What you should do: Across the data below, count every line where the string "Steel" appears. Answer with the number alone.

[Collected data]
------

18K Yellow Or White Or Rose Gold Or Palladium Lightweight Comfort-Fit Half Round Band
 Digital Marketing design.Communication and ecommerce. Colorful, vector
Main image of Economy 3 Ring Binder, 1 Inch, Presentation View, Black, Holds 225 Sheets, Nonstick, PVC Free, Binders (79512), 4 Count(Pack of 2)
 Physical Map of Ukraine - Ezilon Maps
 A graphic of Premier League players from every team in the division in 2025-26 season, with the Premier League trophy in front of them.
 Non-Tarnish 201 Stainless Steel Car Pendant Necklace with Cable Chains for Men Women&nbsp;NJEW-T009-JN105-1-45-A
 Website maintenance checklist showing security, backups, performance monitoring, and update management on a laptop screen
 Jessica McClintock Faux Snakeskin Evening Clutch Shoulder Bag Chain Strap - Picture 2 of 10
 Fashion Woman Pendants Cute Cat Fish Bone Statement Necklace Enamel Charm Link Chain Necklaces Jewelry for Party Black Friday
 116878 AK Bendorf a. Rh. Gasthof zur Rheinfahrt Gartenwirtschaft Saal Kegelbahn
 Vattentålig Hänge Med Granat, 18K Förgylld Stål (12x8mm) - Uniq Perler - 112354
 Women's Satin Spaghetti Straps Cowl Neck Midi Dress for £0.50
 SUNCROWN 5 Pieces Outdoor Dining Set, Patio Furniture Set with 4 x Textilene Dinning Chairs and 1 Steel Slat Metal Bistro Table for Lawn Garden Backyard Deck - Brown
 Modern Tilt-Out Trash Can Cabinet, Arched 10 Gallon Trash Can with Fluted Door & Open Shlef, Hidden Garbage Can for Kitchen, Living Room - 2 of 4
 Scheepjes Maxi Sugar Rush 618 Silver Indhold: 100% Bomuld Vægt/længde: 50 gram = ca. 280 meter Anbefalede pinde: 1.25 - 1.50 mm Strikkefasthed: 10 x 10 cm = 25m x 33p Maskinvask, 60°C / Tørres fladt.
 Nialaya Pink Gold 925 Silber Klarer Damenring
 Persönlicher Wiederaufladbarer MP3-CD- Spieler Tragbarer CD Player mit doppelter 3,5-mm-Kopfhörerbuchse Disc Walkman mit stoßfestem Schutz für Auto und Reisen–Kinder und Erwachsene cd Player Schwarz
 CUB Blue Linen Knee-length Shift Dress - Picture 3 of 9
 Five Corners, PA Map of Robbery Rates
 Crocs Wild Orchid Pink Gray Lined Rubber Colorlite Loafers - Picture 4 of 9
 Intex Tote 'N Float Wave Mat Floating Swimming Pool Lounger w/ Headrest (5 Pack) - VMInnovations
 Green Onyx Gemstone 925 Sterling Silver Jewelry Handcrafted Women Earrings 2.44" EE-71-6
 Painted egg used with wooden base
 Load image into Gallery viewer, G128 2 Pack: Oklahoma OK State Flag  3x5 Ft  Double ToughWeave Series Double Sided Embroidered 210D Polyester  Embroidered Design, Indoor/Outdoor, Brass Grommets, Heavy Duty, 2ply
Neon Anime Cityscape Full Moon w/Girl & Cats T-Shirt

------

Written response: 2